Türkiye’yle İsrail’i aynı karede göstermek isteyenler neyin peşinde?
Tarih yeniden yazılıyor, uluslararası dengeler yeniden dizaynediliyor. Her yüzyılda bir, büyük güçler büyük düşlerini gerçekleştirmek için yeni yeni planlar yapıyorlar.
Westfalya’dan başlayarak, Yalta ve Malta’yla devam eden toplantılar, anlaşmalarla yeni düzende söz sahibi olacakları kendi konumlarını ilan ediyorlar.
Bundan sonra dünyaya nizamet biz vereceğiz diyorlar. 14. Yüzyıldan 19. Yüzyılın başlarına kadar dünyaya nizam veren Osmanlıdır, bu yüzyıldan sonra İngiltere’nin büyük bir güç olarak bariz bir şekilde dünya siyasetini yönlendirdiğini görüyoruz.
Birinci Dünya Savaşı’ndan sonra Amerika Birleşik Devletleri’ne geçer bu güç ve İkinci Dünya Savaşı sonrası iki kutuplu bir güçler dengesi vardır artık. Bu dönem aynı zamanda soğuk savaş yılları olarak tarihe geçer. Güçler birbirini tartar, savaşlar hegomonik bir şekilde diğer ülkelerdeki politik hakimiyetlerle sağlanır.
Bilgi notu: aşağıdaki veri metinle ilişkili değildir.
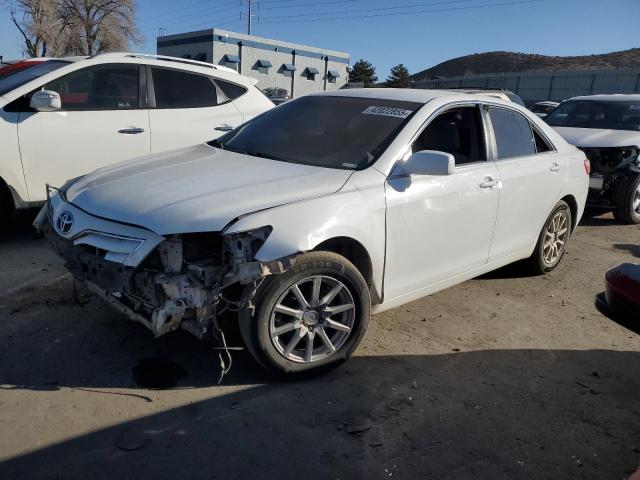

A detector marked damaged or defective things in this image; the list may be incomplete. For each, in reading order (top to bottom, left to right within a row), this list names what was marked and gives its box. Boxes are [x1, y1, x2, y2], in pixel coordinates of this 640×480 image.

crumpled front end [41, 186, 296, 340]
damaged white sedan [37, 88, 592, 376]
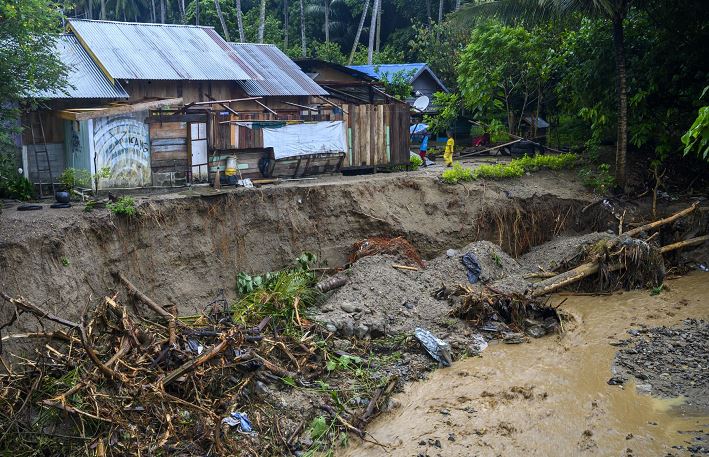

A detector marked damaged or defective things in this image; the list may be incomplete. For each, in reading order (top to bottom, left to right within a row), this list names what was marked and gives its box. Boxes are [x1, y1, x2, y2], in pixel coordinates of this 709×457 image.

Sovyetlerin yıkılmasıyla birlikte kimine göre tek kutuplu, kimine göre çok kutuplu bir dünya sistemiyle karşı karşıyayızdır. İkibinli yıllar aslında 1900’lü yılların bir kopyası gibidir. O günde Osmanlı’nın parçalanıp Ortadoğu’nun şekillendirilmesi isteniyordu, bugün de Ortadoğu’nun yeniden şekillenmesi gerektiği söyleniyor. O gün bunu söyleyenler İngilizler, Fransızlar’dı, bugün Amerika’nın başını çektiği yeryüzünde Amerikan hakimiyetini kabul eden odaklar söylemekte. Bu inisiyatifin Ortadoğu halkları tarafından gerçekleştiğini söyleyenler beni ikna edemezler. Özellikle Suriye’de yaşanan gelişmelerde biz bunu daha iyi gördük. Demokratik değişim dalgasına Libya’da, Mısır’da, Tunus’ta hevesli olan Avrupa aynı hevesi Suriye’de göstermedi. Hatta kılını bile kıpırdatmadı desek yeridir.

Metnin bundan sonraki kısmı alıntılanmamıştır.